According to the statistics, the Adjusted R-squared is 0.87 in the Geographically Weighted Regression (GWR) model. But, how can the GWR model be improved further? Thus, the Forest-Based Classification and Regression model will be applied to improve the GWR model.

Figure 8: Validation R2

X111

  • Figure eight shows the average accuracy of the Forest-Based Classification and Regression model is 0.79.

Figure 9: Distribution of Variable Importance

X111

  • Figure nine shows the two most important variables are sqft_living and grade. They appear highest on the Y (Importance) axis. Here, importance corresponds to the number of times a tree split is performed based on the variable in the entire forest model. Higher numbers indicate a higher number of tree splits based on a variable, indicating that the variable’s impact on the forest model result is high. This chart indicates that grade and sqft_living switch their importance rank between different runs of the model. Distance to a large lake is the third-most influential predictor in the model.

Now, The forest-based model's Adjusted R-squared is still lower than the GWR model's with one variable. To further improve the model, the predictor variables with low importance are removed. So they won't be randomly selected for a particular tree at the expense of more important explanatory variables. Then, Adjusted R-squared changes to 0.946 with high accuracy after the model includes only top important variables.

Figure 10: Prediction Interval

X111

  • Figure ten shows the uncertainty bounds of the prediction, with the blue line being the actual prediction.

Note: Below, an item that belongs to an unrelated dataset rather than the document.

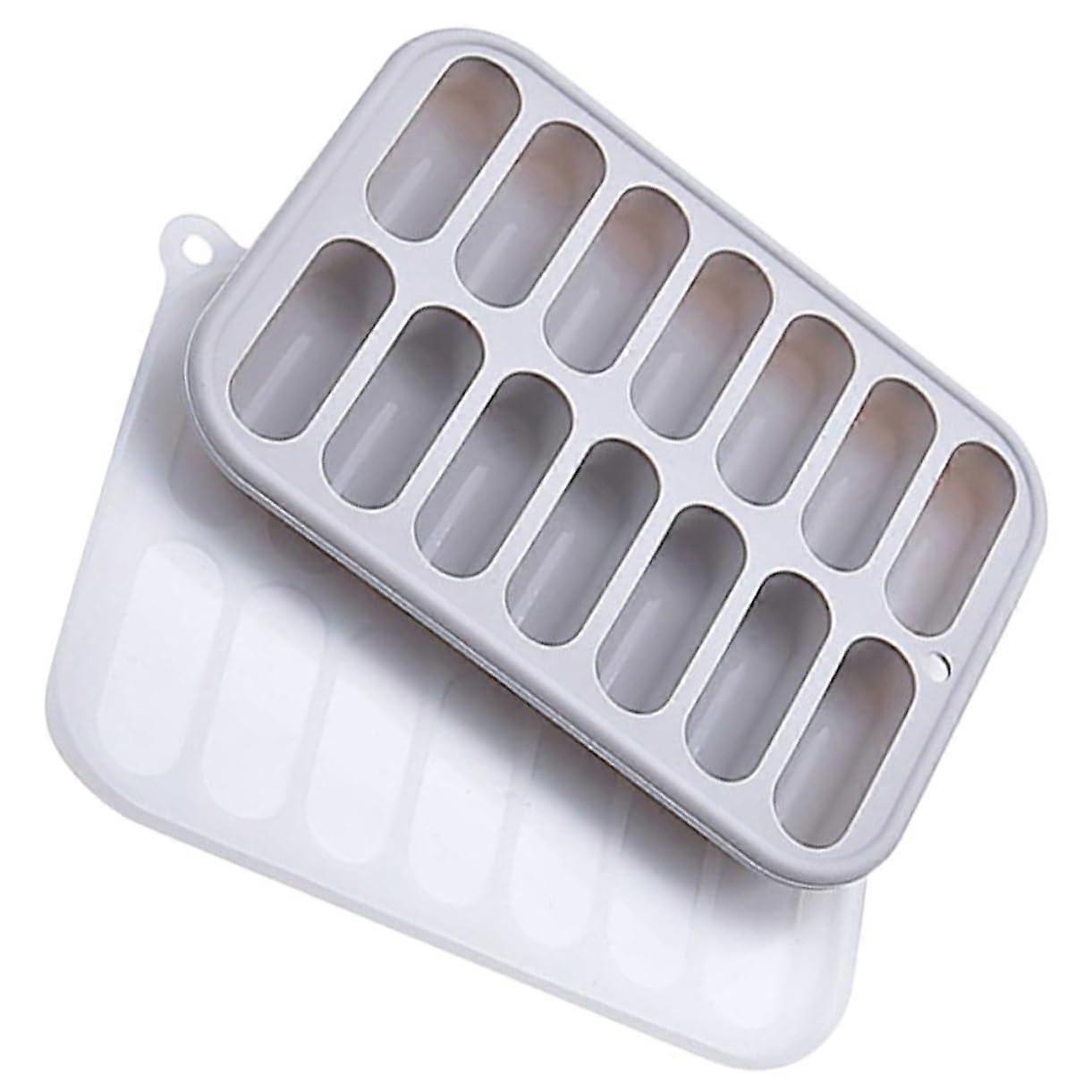 Silicone Ice Cube Tray and Sausage Mold for Baking Oven Safe Easy Release MultiPurpose Grey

Note that uncertainty bounds rapidly widen for homes priced at more than $1,000,000. The reason for that is the small sample size for such expensive homes. Note that for homes more expensive than $1,500,000, the uncertainty bounds are even bigger as there are even fewer samples in this price range. This plot is a useful way to show the uncertainty relating to the predictions given a training sample.

Map 6: Optimized Hot Spot Analysis

X111

  • Map six shows that uncertainty tends to be higher in the southern half of the dataset and lower in the northern half and indicates that sale price predictions in the northern portion of King County, Washington, are less prone to change by random changes to the training data.

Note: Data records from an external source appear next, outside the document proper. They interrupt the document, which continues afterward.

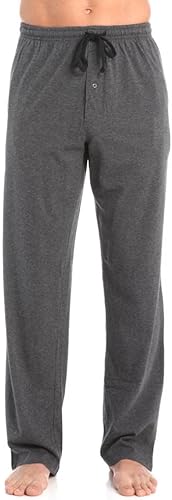 Vista 2 de Hanes Pantalón de pijama de punto sólido para hombre (paquete de dos pares)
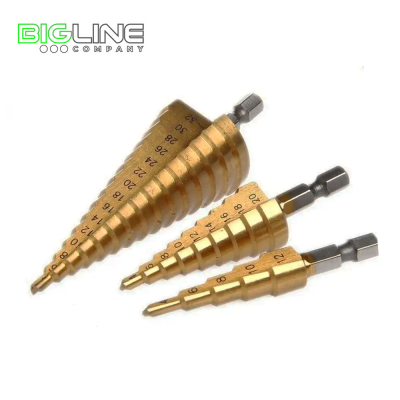 Сверла по металлу ступенчатые 3pcs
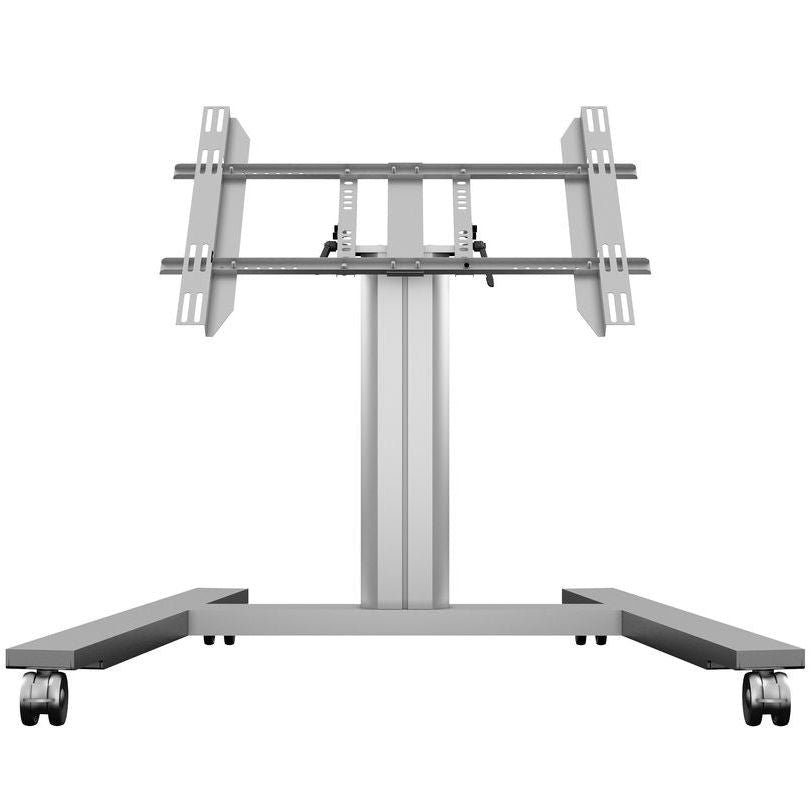 Multibrackets M Public Display Stand 80 HD Wheelbase Single Silver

In conclusion, both Geographically Weighted Regression (GWR) and Forest-Based Classification and Regression (FBCR) models have acceptable Adjusted R-squared. Which model should be used when predicting the house prices in King County? GWR is better suited to capture spatial variations in relation to price. GWR also works well to develop a local model for price, where the predicted house price is reasonable for the neighborhood. However, due to multicollinearity, the grade variable is not a predictor for GWR. In contrast, FBCR models the impact of the condition of the new houses by using analogs from all of King County, Washington. This model results in higher home prices, which may make sense if the grade of the structures is very high and the developer is considering listing them for a significantly higher price than other houses in the neighborhood. Uncertainty analysis in FBCR shows that prices of expensive homes over $1 million may need to be re-assessed. The GWR model shows reasonable values for the Redmond, Washington, area but does not factor in the condition of the new homes. So, neither method is inherently superior to the other. GWR and FBCR address different needs of valuation.

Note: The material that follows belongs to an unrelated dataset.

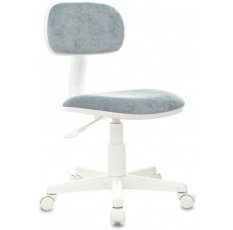 Кресло детское Бюрократ CH-W201NX серо-голубой Light-28 крестов. пластик пластик белый в ДНР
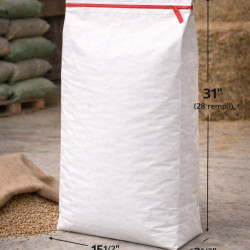 #SPLB1431 SAC POLYPROPYLÈNE TISSÉ LAMINÉ PAPIER BLANC AVEC EASY OPEN <br>14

Figure 11: Distribution of GWR (price per square foot), FBCR (price per square foot)

X111

  • Figure eleven shows the price per square foot estimates from the GWR and FBCR models.

Figure 12: Prediction Interval

X111

  • Figure twelve indicates that the uncertainty range is approximately $400,000 for all homes except ones with prices above $1 million. The model shows that small changes to training data from King County can result in substantial changes to the predicted sale price of the home. Unlike GLR or GWR, FBCR does not extrapolate. If the maximum price in the training data is $1.2 million in training, any price the model predicts above that will have high uncertainty. Also, since there are relatively few of the highest-priced houses, the uncertainty for these sorts of houses will be high.